The E74 Property totals approximately 3,200 gross square feet across one building and is located in the 90011 zip code of Los Angeles, CA. As of December 10, 2018, three of the four residential units were occupied at the Property. The Property was constructed in 1926 and the build is of concrete and brick.
The East Jefferson neighborhood is one of the oldest neighborhoods in Los Angeles with most of its buildings constructed from 1880 to 1925. It is one of the most densely populated areas per square mile in the Los Angeles area and we are expecting continued gentrification over the next seven to ten years due to its proximity to downtown Los Angeles and the University of Southern California. With the city-wide housing shortage, we feel this well located investment will provide attractive returns over our holding period.
The following table contains performance assumptions and projections. Individual assumptions and projected returns are presented at the asset level. All of the values in the table below are projections and assumptions that we believe to be reasonable; however, there can be no guarantee that such results will be achieved.

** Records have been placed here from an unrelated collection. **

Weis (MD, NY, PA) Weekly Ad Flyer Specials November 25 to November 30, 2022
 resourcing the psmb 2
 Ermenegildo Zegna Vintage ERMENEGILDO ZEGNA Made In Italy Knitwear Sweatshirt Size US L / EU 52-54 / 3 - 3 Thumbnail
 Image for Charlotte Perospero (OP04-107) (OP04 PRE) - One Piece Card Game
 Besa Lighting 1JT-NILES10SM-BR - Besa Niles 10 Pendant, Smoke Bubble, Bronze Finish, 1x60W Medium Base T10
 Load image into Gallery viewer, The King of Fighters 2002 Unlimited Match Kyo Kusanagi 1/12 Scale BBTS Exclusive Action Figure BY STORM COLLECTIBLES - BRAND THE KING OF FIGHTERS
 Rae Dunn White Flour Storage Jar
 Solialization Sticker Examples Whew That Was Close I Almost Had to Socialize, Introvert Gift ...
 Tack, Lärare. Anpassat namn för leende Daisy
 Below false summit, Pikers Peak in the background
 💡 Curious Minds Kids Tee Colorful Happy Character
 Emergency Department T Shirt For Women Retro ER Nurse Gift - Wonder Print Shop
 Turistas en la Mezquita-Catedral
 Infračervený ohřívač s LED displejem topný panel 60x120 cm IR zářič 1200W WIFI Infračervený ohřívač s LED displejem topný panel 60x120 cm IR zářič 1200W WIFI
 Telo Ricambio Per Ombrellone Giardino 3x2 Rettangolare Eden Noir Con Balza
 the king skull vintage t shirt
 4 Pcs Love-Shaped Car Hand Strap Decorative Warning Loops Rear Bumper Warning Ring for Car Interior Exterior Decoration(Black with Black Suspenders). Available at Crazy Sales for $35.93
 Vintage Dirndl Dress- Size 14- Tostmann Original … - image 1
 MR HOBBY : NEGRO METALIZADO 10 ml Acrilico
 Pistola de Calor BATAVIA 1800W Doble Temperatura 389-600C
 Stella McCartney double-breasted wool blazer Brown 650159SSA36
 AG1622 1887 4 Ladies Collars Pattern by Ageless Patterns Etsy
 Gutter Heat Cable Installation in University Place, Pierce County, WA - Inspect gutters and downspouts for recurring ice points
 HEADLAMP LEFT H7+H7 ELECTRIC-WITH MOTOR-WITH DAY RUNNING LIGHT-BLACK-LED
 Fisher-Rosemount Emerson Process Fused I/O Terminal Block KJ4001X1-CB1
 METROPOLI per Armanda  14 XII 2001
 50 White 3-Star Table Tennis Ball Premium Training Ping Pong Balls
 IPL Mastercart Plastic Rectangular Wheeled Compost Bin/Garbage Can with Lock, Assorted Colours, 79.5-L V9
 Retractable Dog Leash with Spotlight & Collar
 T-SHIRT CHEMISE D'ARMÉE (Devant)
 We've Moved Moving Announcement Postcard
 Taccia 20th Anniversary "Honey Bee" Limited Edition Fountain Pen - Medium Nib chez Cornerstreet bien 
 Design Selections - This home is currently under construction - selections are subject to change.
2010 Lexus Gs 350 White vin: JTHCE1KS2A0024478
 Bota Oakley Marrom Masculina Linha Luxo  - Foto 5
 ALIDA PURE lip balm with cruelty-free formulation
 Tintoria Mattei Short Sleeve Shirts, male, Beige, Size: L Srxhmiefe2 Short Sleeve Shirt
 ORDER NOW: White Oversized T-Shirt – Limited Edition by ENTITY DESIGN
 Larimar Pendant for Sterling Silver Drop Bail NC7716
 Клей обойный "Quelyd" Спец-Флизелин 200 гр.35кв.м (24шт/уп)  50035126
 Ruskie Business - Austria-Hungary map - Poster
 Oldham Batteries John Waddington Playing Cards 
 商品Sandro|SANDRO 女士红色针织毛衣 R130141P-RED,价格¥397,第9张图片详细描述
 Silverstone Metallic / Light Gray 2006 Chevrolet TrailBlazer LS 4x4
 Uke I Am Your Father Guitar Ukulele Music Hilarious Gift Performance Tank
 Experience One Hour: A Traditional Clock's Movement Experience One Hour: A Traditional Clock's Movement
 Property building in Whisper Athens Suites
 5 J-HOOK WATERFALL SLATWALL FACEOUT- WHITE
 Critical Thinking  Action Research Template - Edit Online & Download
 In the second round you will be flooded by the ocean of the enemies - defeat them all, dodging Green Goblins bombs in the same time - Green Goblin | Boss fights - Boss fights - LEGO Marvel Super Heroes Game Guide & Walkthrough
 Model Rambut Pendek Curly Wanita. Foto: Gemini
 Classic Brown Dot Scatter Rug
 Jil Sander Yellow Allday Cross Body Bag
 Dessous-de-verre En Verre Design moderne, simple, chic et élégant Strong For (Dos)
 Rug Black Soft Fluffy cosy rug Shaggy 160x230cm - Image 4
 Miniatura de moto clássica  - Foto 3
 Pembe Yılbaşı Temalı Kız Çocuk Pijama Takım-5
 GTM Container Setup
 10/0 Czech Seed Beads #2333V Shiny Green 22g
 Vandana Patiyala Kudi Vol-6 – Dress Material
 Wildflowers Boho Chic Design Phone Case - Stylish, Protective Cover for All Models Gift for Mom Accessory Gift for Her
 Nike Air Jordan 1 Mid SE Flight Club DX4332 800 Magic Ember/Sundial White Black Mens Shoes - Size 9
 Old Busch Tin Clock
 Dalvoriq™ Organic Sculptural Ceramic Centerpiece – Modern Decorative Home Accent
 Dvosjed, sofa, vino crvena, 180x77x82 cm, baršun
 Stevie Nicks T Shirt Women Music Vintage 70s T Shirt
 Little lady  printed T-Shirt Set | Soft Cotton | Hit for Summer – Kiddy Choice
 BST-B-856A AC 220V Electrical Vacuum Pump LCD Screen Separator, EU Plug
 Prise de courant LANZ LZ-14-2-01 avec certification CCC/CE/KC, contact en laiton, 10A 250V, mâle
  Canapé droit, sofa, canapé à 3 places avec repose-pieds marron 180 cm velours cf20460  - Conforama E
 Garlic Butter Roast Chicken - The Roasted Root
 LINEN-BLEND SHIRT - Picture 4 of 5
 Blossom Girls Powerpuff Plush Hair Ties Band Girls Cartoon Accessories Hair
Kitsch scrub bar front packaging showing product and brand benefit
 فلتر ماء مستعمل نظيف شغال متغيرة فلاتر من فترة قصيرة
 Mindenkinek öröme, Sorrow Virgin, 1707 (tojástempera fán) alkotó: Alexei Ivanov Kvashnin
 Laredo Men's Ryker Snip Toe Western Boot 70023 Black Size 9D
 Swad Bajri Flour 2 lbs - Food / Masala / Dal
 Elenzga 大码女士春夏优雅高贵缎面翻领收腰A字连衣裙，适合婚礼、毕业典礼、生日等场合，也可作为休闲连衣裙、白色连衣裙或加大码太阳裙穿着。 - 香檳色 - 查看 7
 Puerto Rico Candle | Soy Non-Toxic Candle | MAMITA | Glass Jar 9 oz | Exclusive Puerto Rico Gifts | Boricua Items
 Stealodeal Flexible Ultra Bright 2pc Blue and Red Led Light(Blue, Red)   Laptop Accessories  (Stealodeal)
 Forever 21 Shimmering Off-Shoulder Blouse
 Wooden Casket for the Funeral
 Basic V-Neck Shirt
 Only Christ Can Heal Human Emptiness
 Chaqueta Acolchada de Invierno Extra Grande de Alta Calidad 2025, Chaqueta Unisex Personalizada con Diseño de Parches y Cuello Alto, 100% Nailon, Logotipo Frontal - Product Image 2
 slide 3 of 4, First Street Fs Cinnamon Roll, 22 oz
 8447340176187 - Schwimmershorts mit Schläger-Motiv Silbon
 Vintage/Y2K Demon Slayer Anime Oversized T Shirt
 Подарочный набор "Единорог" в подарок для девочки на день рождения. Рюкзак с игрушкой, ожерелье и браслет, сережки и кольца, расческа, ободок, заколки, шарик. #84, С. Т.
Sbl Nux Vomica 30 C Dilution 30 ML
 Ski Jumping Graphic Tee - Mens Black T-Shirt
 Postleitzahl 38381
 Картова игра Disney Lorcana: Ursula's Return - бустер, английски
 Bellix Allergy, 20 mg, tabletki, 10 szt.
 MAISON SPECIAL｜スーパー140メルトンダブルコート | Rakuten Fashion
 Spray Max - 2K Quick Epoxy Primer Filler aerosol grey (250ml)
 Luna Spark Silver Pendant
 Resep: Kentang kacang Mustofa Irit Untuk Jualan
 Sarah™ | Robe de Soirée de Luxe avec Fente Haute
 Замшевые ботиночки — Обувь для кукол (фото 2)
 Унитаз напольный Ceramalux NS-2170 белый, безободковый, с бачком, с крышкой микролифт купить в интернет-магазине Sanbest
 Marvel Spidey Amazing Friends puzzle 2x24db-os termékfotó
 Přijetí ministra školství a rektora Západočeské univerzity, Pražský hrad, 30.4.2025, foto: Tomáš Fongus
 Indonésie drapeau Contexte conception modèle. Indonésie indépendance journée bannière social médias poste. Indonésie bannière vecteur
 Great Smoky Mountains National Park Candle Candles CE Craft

Asset Name | Projected Returns | Total Projected Renovation Cost | Projected Average Annual Rent Growth | Projected Average Annual Expense Growth | Projected Gross Exit Price | Projected Hold Period (Years) |
E74 | 7.8% - 15.3% | $40,000 | 3.0% | 3.0% | $1,050,000- $1,373,000 | 10 years |
Please note that past performance is not indicative of future results, and these asset performance projections may not reflect actual future performance.Any projections on the future returns of any of our assets may not prove to be accurate and are highly dependent on the assumptions described above. Investing in Fundrise Growth eREIT II, LLC is an inherently risky investment that may result in total or partial loss of investment to investors.
We undertake no obligation to publicly update or review any forward-looking statement, whether as a result of new information, future developments or otherwise, except as required by law.